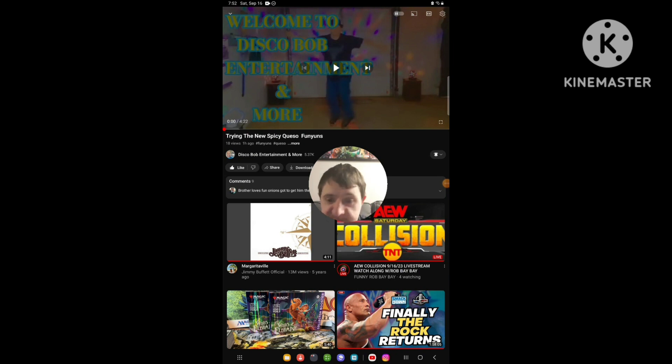Hello everyone, Mr. McGinn. I'm going to be doing another reaction video again, and this time reacting to Disco Bump Entertainment and more. This was the newest video that he released and uploaded today, and the video I'm going to be reacting to is called Trying the New Spicy Queso Funyuns.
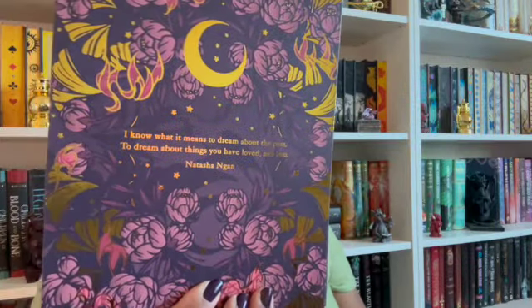Up next looks like another thing to hold your art cards in. Someone gave us a nice little album before that you can put your art cards in. I like to keep the art card with the book, but I've been thinking maybe I should switch them over. I was also thinking about framing them, which I never did. Let me see who made this — 'I know what it means to dream about the past, to dream about things you have loved and lost' by Natasha Yan. That's pretty though, I like the way it looks.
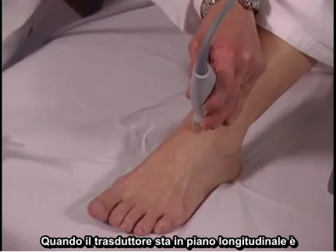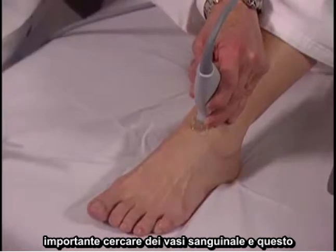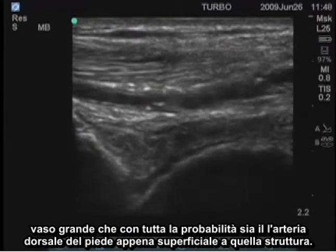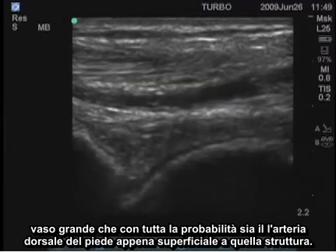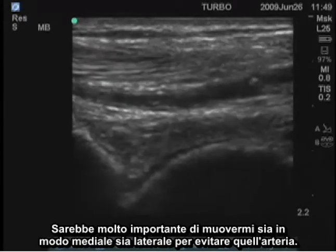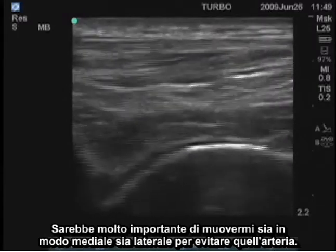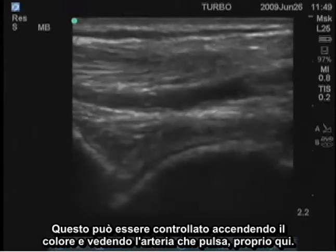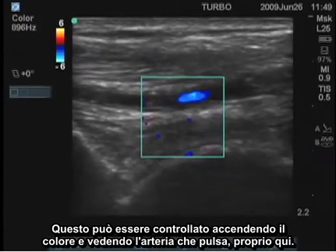When the transducer is in the longitudinal plane, it's important to look for blood vessels. This large vessel, most likely the dorsalis pedis artery, is right superficial to that structure. It would be very important to move either medially or laterally to avoid that artery. This can also be checked by switching on the color and seeing the artery pulsating right there.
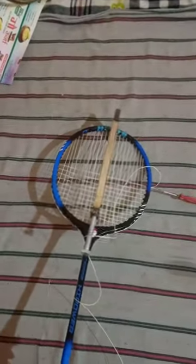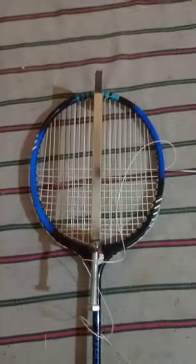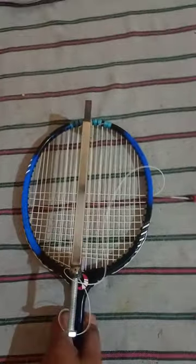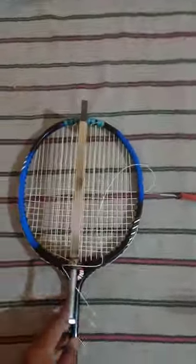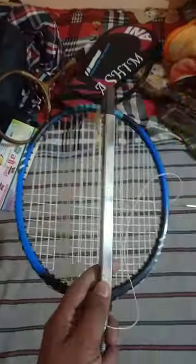Hello, all the ball badminton players and ball badminton lovers. We are getting a racket — a half racket done — or we are using this very accurate stretcher.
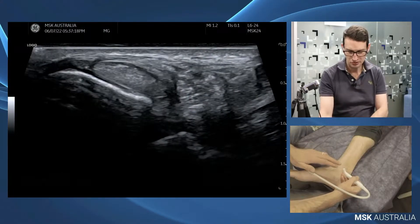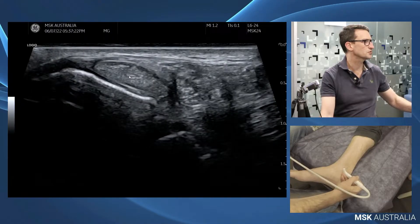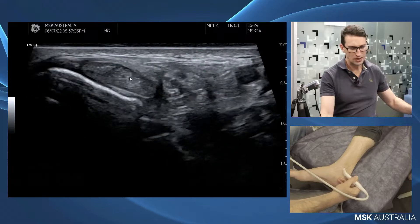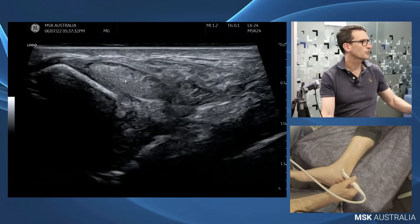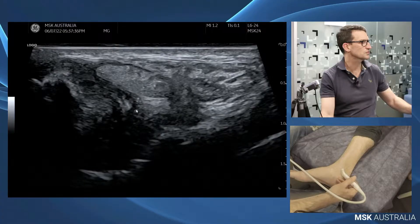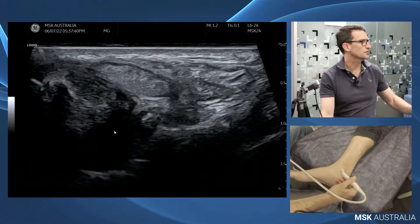The first thing I want to do when looking for the deltoid ligament is go to the back of the medial malleolus and pick up my tibialis posterior tendon. I want to follow that tendon around — it's a tendon that's turning, so I need to angle my probe as I come around. As we fall off the back of there, we come onto this little component of collagen, and this is our posterior deltoid ligament.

○ ○ ○ ○ ○

Leave the pictures out and return the rest of the material exactly.

## Problem solution:
Hello everyone, Mr. McGinn. I'm going to be doing another reaction video again, and this time reacting to Disco Bump Entertainment and more. This was the newest video that he released and uploaded today, and the video I'm going to be reacting to is called Trying the New Spicy Queso Funyuns.
Up next looks like another thing to hold your art cards in. Someone gave us a nice little album before that you can put your art cards in. I like to keep the art card with the book, but I've been thinking maybe I should switch them over. I was also thinking about framing them, which I never did. Let me see who made this — 'I know what it means to dream about the past, to dream about things you have loved and lost' by Natasha Yan. That's pretty though, I like the way it looks.
When the transducer is in the longitudinal plane, it's important to look for blood vessels. This large vessel, most likely the dorsalis pedis artery, is right superficial to that structure. It would be very important to move either medially or laterally to avoid that artery. This can also be checked by switching on the color and seeing the artery pulsating right there.
Hello, all the ball badminton players and ball badminton lovers. We are getting a racket — a half racket done — or we are using this very accurate stretcher.
The first thing I want to do when looking for the deltoid ligament is go to the back of the medial malleolus and pick up my tibialis posterior tendon. I want to follow that tendon around — it's a tendon that's turning, so I need to angle my probe as I come around. As we fall off the back of there, we come onto this little component of collagen, and this is our posterior deltoid ligament.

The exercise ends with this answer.